Problem 1: The Permanence Assertion
The first problem is that argument is built on an assertion. The assertion is that an experience has to be permanent for it to have meaning. The assertion is never proven, it is obstinately accepted by fiat by the theist. Yet, I know that holding my daughter the moment she was born, was an extremely meaningful experience. It still provokes a powerful reaction in me. That eventually I'll be dead, does not alter the fact that I felt something real, that it did have meaning for me. It doesn't have to be a permanent experience to have meaning.
If I don't have the belief that permanence is a prerequisite for meaning, it's not enough to keep repeating that assertion. You need to produce a strong argument, not insults, to establish it. I've never heard such an argument.
Problem 2: An eternal afterlife makes this life meaningless
This can be established by comparing the different outcomes under different assumptions about an afterlife.
Lets suppose however, that each experience in Heaven gives a payoff of B, you average an annual level of happiness of b when you're alive in the mortal realm, and that each torment in Hell gives you a payoff of -H. With Heaven being superior to this life, and Hell being worse, let's simply say the B > b > -H.
Both Heaven and Hell are eternal, and thus provide you with an infinite benefit (or harm) stream.

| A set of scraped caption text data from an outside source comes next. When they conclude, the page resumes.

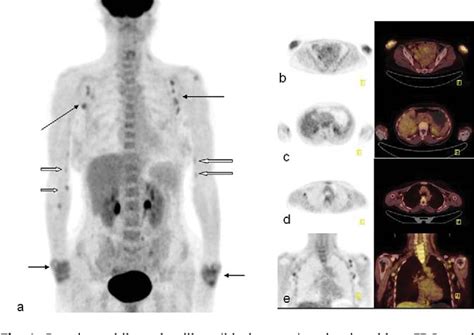 Figure 1 From Epitrochlear And Axillary Lymph Node Visualization On Fdg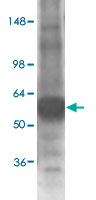 Western Blot (Tissue lysate)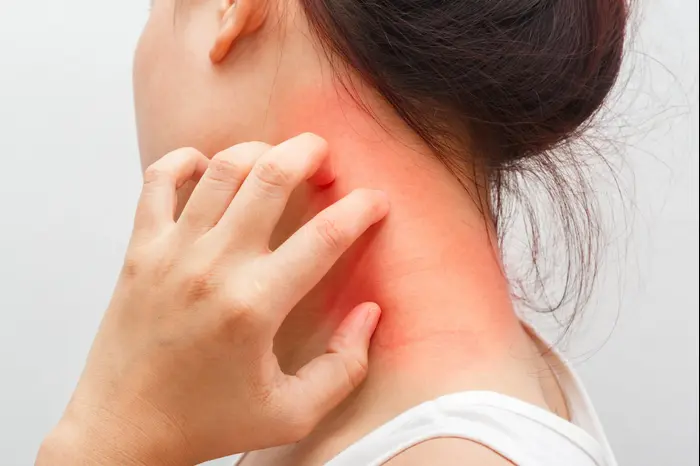פריחה בצוואר (ShutterStock) פריחה בצוואר (ShutterStock)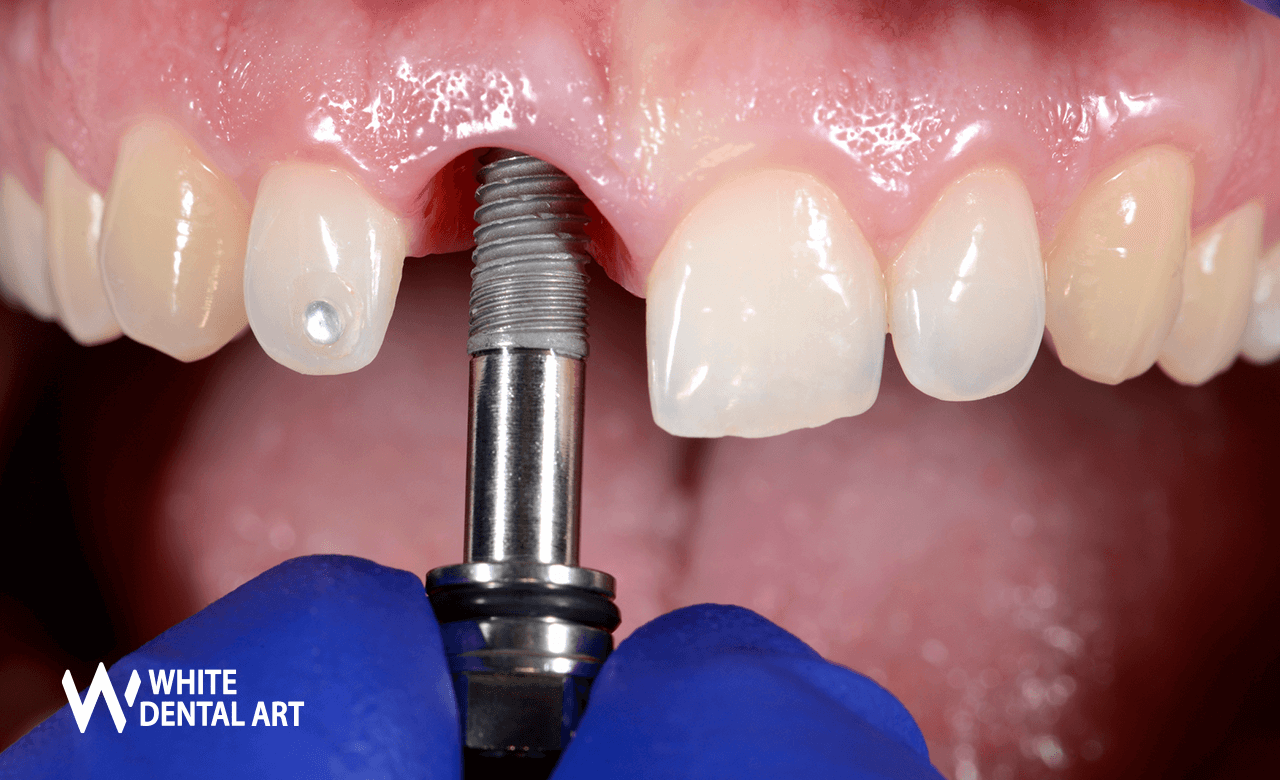 implantes-sonrisa-blanca-tratamiento-blanqueamiento-denta12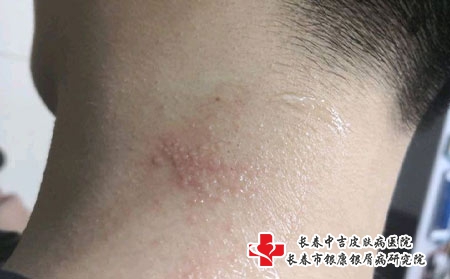 带状疱疹治疗并不难，选对方法很重要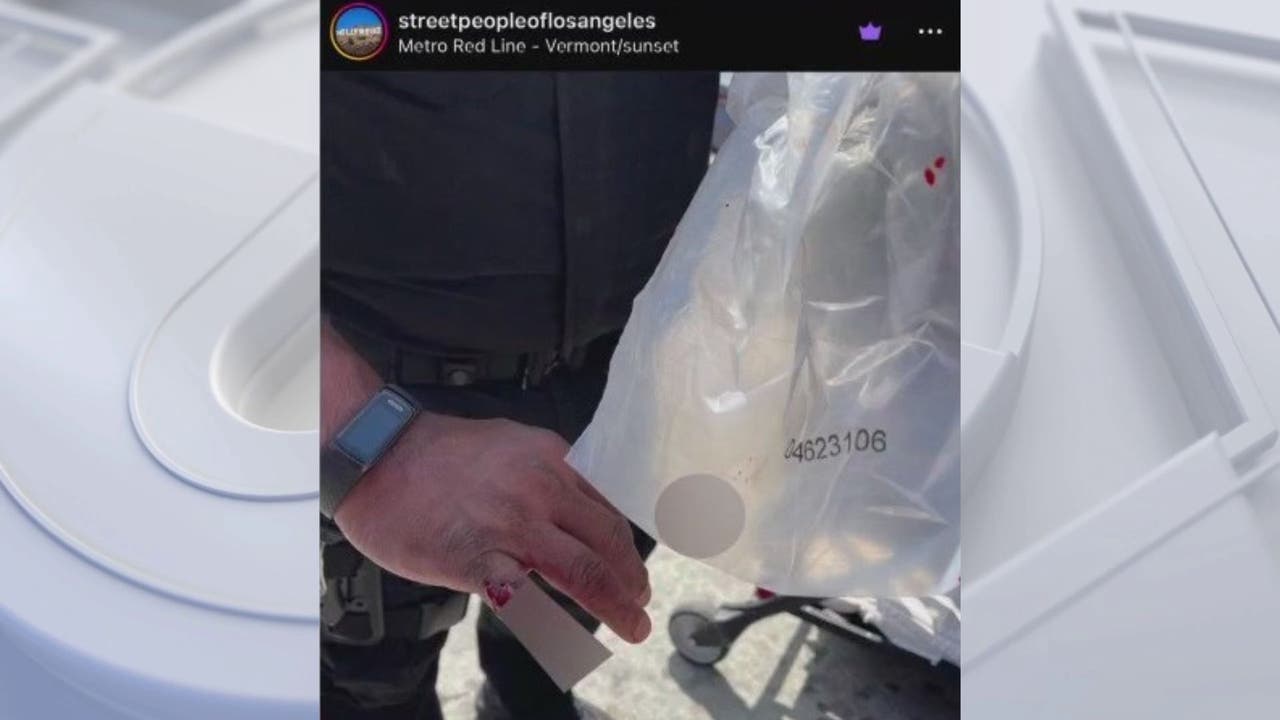 Supuestamente, una persona sin hogar le muerde el dedo a un oficial de policía de Los Ángeles en Santa Monica Blvd.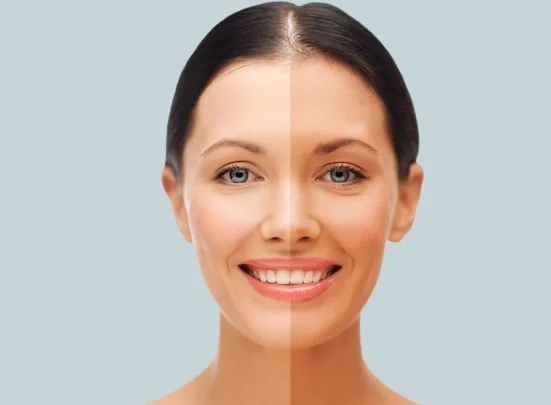whitening injection Whitening injection price in pakistan Glutathione injection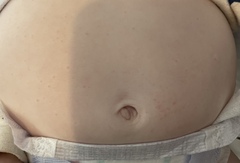 Rash on baby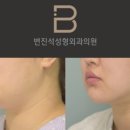 변진석성형외과의원 네이버블로그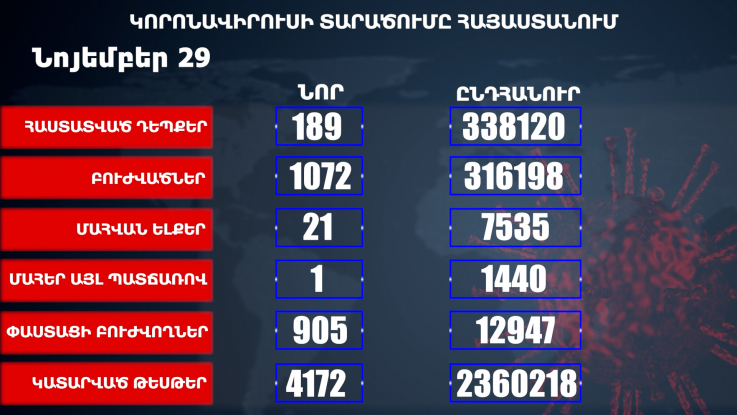 Հաստատվել է կորոնավիրուսի 189 նոր դեպք, առողջացել 1072 քաղաքացի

Hence the actual payoff to being in heaven is ∞B and the payoff to being in hell is ∞(-H). With these being infinite streams, then the B and and -H is not really relevant. Heaven has an infinitely positive good payoff, Hell an infinitely negative payoff. This is largely the logic behind Pascal's Wager. In that wager doesn't matter how unlikely you think Christianity is true, you will always win by being a Christian (or feigning being one). The size of the payoff completely dominates the probabilities.
Your earthly existence, assuming you generally enjoyed life, has a payoff of tb, where t is the number of years you lived. This has to be finite. Nobody is immortal.

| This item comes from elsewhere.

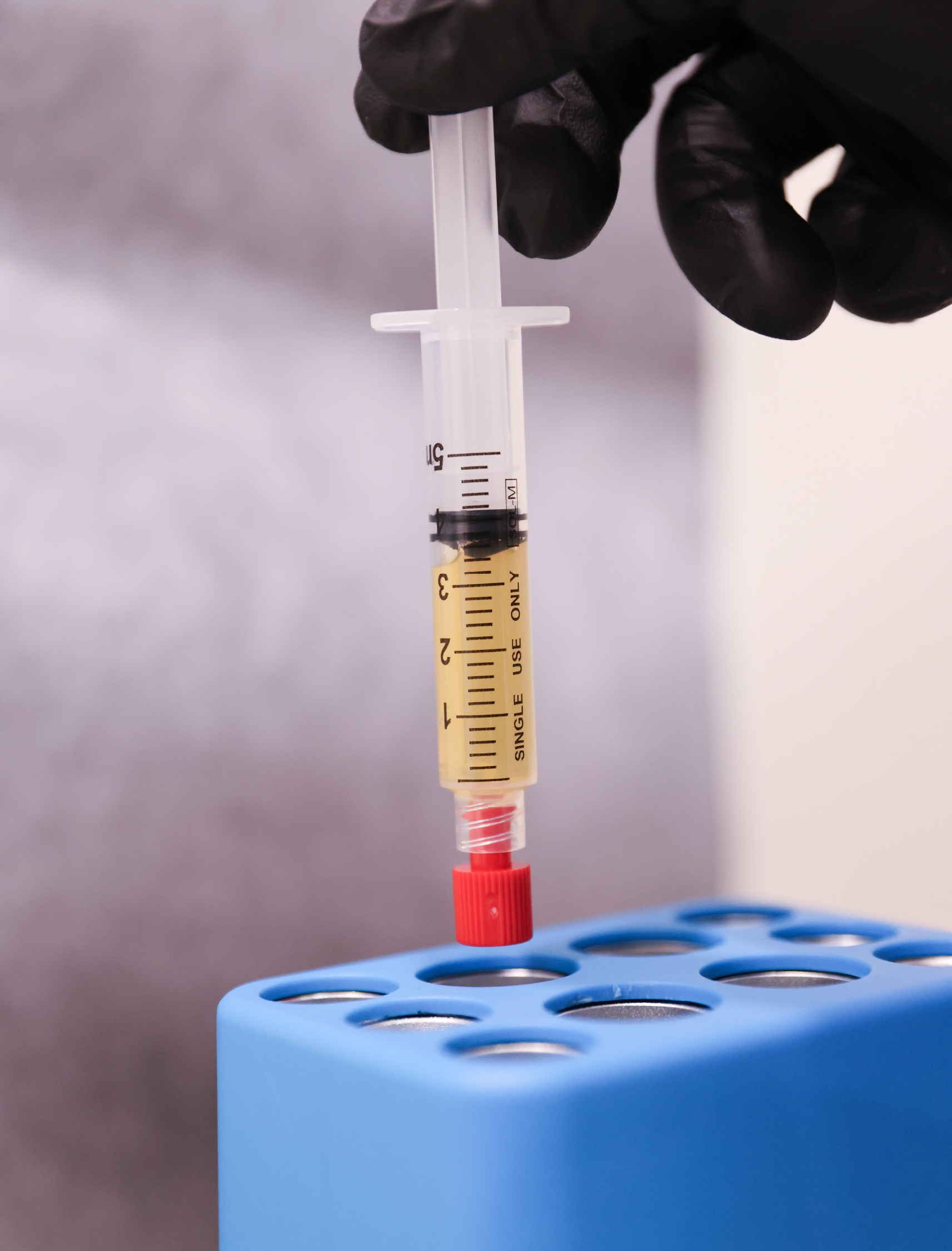 Gros plan sur une seringue contenant le PRF Gel, tenue par une main gantée au-dessus d’un support médical.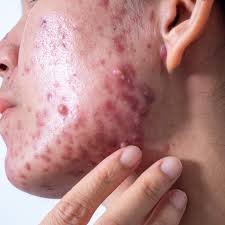 Hormonal Skin Treatment: A Complete Guide to Clear and Balanced Skin Skin issues can be frustrating, especially when they seem to flare up without any clear reason. For many people, breakouts, pigmentation, and sudden sensitivity are linked to hormonal changes. These changes can come from puberty, periods, pregnancy, stress, or even lifestyle habits. Understanding how hormones affect your skin is the first step toward finding the right solution. That’s where hormonal skin treatment comes in—an approach designed to target the root cause, not just the surface problem. Hormonal changes can trigger a wide range of skin concerns, and this is where hormonal skin treatment naturally becomes an effective option. When hormone levels fluctuate, your body can produce too much oil, cause inflammation, or disrupt your skin barrier. This may lead to acne, dullness, dryness, or sudden breakouts that feel impossible to control. Because hormones play such a big part in skin health, finding a treatment that stabilizes these changes can bring long-term improvement. Why Hormones Affect Your Skin Your skin is very sensitive to hormones like estrogen, progesterone, and testosterone. Any imbalance can immediately show up on your face or body. For example: High testosterone can increase oil production, leading to acne. Low estrogen can make the skin dry, thin, and more prone to wrinkles. High cortisol (stress hormone) can trigger inflammation and breakouts. This is why some people experience skin issues around their period, during pregnancy, before menopause, or during stressful times. Hormones are constantly shifting, and so does your skin. Common Skin Issues Caused by Hormones Hormonal imbalances can show up in different ways: Persistent acne or cystic acne Sudden, recurring breakouts Oily T-zone and dry cheeks Dark patches or pigmentation (melasma) Skin sensitivity or redness Premature aging signs like fine lines If you're dealing with any of these, it might be time to consider treatments tailored specifically to hormonal changes. Types of Hormonal Skin Treatments The right treatment depends on your specific skin needs and what your hormones are doing. Some of the most effective options include: 1. Topical Treatments Dermatologists often prescribe topical creams or gels containing ingredients like: Retinoids Salicylic acid Benzoyl peroxide Azelaic acid These help reduce inflammation, unclog pores, and regulate skin cell turnover. 2. Oral Medications For severe hormonal acne or persistent breakouts, oral treatments may be recommended such as: Birth control pills Spironolactone Antibiotics (short-term) Isotretinoin (for severe acne cases) These medicines help balance hormones internally or reduce oil production. 3. Professional Skin Treatments Dermatologists may also suggest in-clinic procedures for faster and more noticeable results: Chemical peels LED light therapy Microneedling Laser treatments These treatments help remove dead skin, reduce pigmentation, and stimulate collagen. 4. Diet and Lifestyle Adjustments Because hormones respond to your habits, lifestyle changes can play a big role: Eating a balanced, low-sugar diet Managing stress through yoga or meditation Getting enough sleep Keeping skin-care products gentle and non-comedogenic These small changes can support your hormonal balance and improve your skin from within. How to Know If You Need Hormonal Skin Treatment If your breakouts or skin issues seem to come in cycles, worsen during stress, or don’t respond to regular skincare, hormones are likely involved. People who experience deep, painful pimples around the jawline often have hormonally driven acne. Women going through PCOS, pregnancy, or menopause are also more likely to benefit from these treatments. A dermatologist can evaluate your symptoms and suggest a treatment plan that fits your skin type and hormonal levels. Benefits of Hormonal Skin Treatment Choosing a treatment designed for hormonal issues offers several advantages: Long-term relief instead of temporary results Clearer, smoother skin Balanced oil production Reduced inflammation and redness Improvement in pigmentation Stronger and healthier skin barrier Most importantly, these treatments focus on correcting the root cause, which leads to more stable and lasting results. Final Thoughts Hormonal skin problems can feel overwhelming, but you don’t have to deal with them alone. With the right hormonal skin treatment, you can restore balance to your skin and achieve long-lasting clarity. Whether your symptoms are mild or severe, working with a dermatologist can help you choose the best path toward healthier, glowing skin. Clear skin is possible when you treat the cause—not just the symptoms.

So the ratio of payoffs of of your mortal life to heaven is tb/∞, or zero (0). In short, your mortal life is such a tiny fraction of your total existence that all your earthly experiences vanish to nothingness. You may as well shuffle off to the afterlife as fast as you can.
If we change the assumptions to an atheist one, then there is no afterlife. All the afterlife payoffs drop to zero. Which means the ratio of payoffs to a mortal life, to the after life, is tb/0. With denominator being 0, the ratio is ∞. In short, every experience now is of profound value when we recognise its finite. The only way life can have meaning, is if it is finite in nature.

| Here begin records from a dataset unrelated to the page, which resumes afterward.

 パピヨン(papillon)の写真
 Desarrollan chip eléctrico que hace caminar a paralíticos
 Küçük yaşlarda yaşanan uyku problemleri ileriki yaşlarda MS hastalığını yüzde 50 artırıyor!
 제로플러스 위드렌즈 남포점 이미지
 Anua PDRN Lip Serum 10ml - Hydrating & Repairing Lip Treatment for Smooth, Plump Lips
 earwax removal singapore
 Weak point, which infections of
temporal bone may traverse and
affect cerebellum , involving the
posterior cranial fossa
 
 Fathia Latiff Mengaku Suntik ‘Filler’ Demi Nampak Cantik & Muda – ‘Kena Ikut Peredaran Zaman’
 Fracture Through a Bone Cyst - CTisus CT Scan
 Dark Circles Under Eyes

Problem 3: the Omniscience Dilemma
It gets worse if the deity is omniscient (all-knowing) as is attributed to the Abrahamic god Yaweh. Now its not just short, finite life you face that produces meaningless. Because this deity knew before you were born, where you would end up after death. If you're Hell-bound, because say you voted for Hillary Clinton or had some gay friends, Yaweh knows you can't change anything to escape Hell. You'll exist for an insignfiicant fraction of time, before suffering horrible torture. The same argument applies to heaven. Life isn't really a test if your deity already knows you're going to pass and get to Heaven. What possible meaning can life have, if there's not a single thing you can change to avoid your eternal fate?
The argument atheists can have no meaning to their life is not based on rational deliberation. I suspect rather, it's based on being intimidated by mortality and hoping a pact with an ancient god will allow the theist to escape this. People do derive however, meaning from their lives in varied ways. Living according to the values of some ancient Near Eastern pastoralists doesn't really satisfy the goals of all. Indeed, I'm surprised anyone finds it satisfying.